Wir unabhängigen Verwaltungsräte waren ja das einzige Hindernis für die Familie: ohne uns hätten sie den Vertrag umsetzen können. Also wollten sie uns zermürben, mit allen Mitteln. Keinen Lohn; mediale Attacken auf einzelne; Teile-und-herrsche-Strategien mit Verantwortlichkeitsklagen gegen eine Gruppe von Verwaltungsräten, nicht gegen alle. Sie wollten uns auseinander dividieren, bis zum Schluss.
Verliefen die Verhandlungen reibungslos, als sie einmal angefangen hatten?

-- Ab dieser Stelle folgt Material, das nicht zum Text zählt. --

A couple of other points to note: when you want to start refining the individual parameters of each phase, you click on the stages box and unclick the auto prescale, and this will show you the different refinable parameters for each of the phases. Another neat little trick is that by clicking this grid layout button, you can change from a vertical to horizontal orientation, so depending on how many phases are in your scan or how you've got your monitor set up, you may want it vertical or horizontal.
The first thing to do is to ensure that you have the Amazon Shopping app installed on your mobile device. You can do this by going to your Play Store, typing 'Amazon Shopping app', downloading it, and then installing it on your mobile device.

Nein, überhaupt nicht. Es kam zig Mal vor, dass die andere Seite vom Verhandlungstisch weglief.
Worum ging es?
Kritisch war natürlich die Frage, wie immer, wie hoch die Prämie ausfällt. Viel zu reden gaben auch die Restriktionen für Saint-Gobain als neuem Hauptaktionär. Und die Steuern: wie der Deal genau ausgestaltet sein muss, damit es steuerlich für Saint-Gobain aufgeht.

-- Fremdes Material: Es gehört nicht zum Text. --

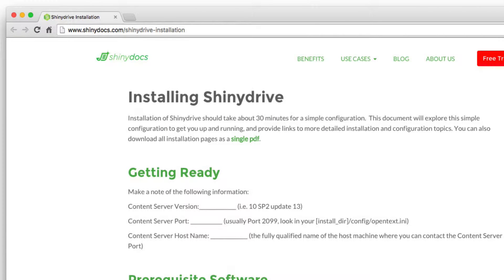To set up ShinyDrive, you must have access to both the Content Server location and the shared drive location. Typical configurations of OTDS and CSDS are sufficient for this.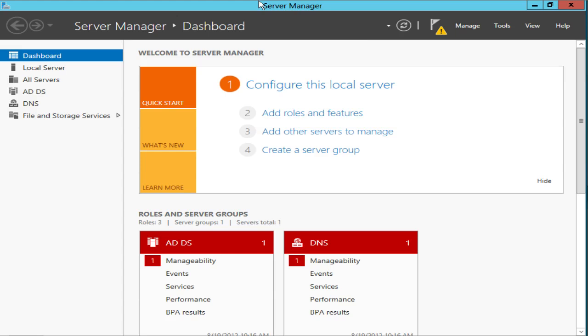Okay, so now that we have that one server core system that we want to use for Hyper-V set up, and we've renamed it, given it an IP, and added it to the domain, what we want to do—there's a couple ways that we can actually manage that system. We could do everything from PowerShell, but in Windows 2012,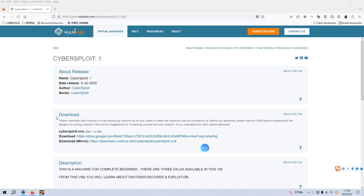Welcome back, dear friends. Today I'd like to continue our series of VulnHub. The virtual machine is CyberSupport 1. I'll put the link in the description below so you can download this image. Before we begin, please subscribe to my channel — I appreciate your help and support. Now let's get started.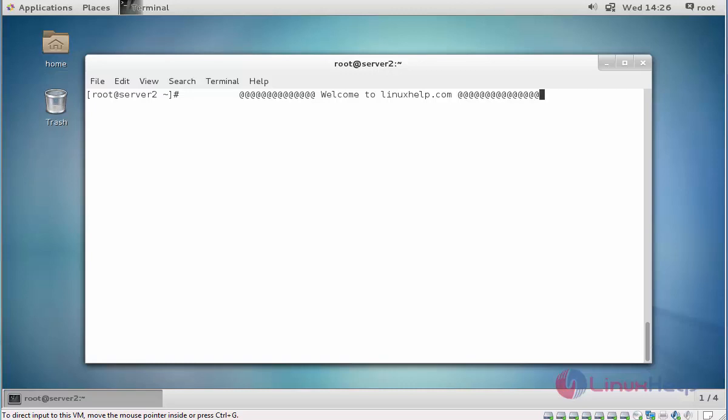Hello everybody, welcome to LinuxHelp.com. In this session I am going to show how to configure RAID 6 partition. In previous tutorial I have explained RAID 5 configuration. In this tutorial we are going to discuss about RAID 6.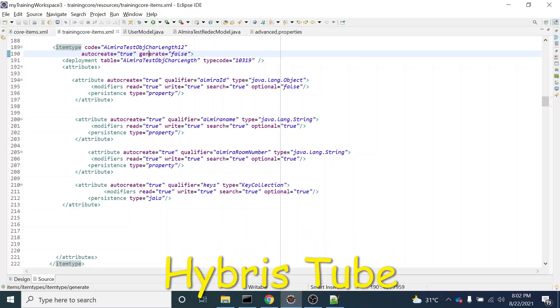Hello friends. Welcome to the 50th session of Hybris tutorial. In this video, we are going to learn a very important concept of Hybris item types.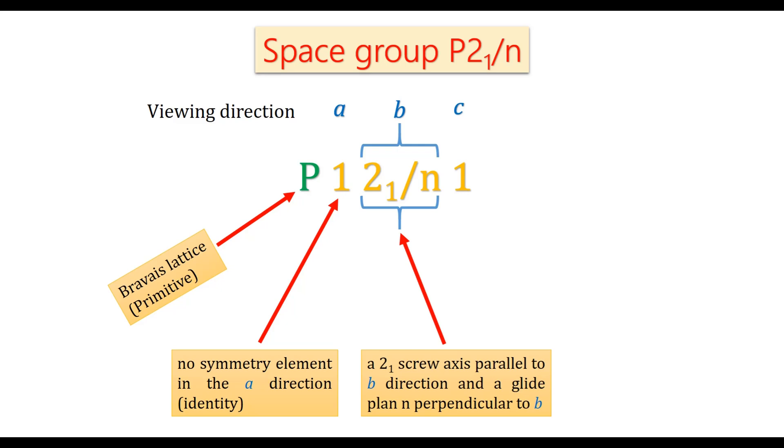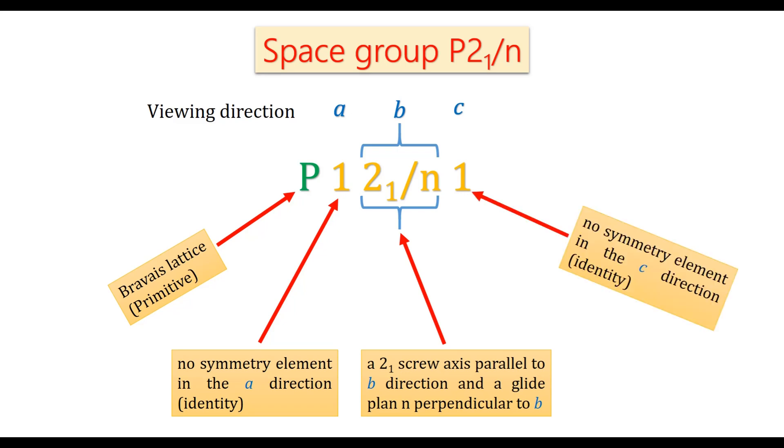In the direction of b, a 21 screw axis parallel to b direction and a glide plane n perpendicular to b. And again in the direction of c, there is no symmetry element, so it is identity.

Was waren für Sie die kritischen Punkte?
Wir wollten alle Ziele für Sika erreicht haben. Wir konnten also nicht unser Okay geben zu einer Einigung, die noch irgendeine Hintertüre offen gelassen hätte.
Waren Sie überrascht, dass diese Gruppe von sechs Verwaltungsräten gemeinsam durchhielt?
Überrascht nicht. Es ist ein grosser Erfolg, dass wir trotz dieser Attacken zusammengestanden sind. Sonst wäre es schwierig geworden.
Wie gut geschützt sind Sie gegen spätere Attacken von Saint-Gobain?
Sehr gut. Während 6 Jahren ist Saint-Gobain stark eingeschränkt. Bei einem Verkauf müssen sie immer zuerst uns anbieten. Aktien dazu kaufen dürfen sie nur marginal, vier Jahre lang überhaupt nicht. Ein öffentliches Kaufangebot dürfen sie nicht abgeben. Sechs Jahre sind eine Ewigkeit im Geschäftsleben.
Nach diesen sechs Jahren?
Sehen Sie, Saint-Gobain hat mit diesen 12,8 Prozent rund zwei Milliarden Franken in einer einzigen Aktie, und verdient damit nur eine Dividendenrendite von 1,6 Prozent. Ich kann mir nicht vorstellen, dass sie dies länger tun werden als für die zwei Jahre, in denen sie es aus steuerlichen Gründen müssen. Sie werden nach diesen zwei Jahren bald einmal an uns verkaufen wollen.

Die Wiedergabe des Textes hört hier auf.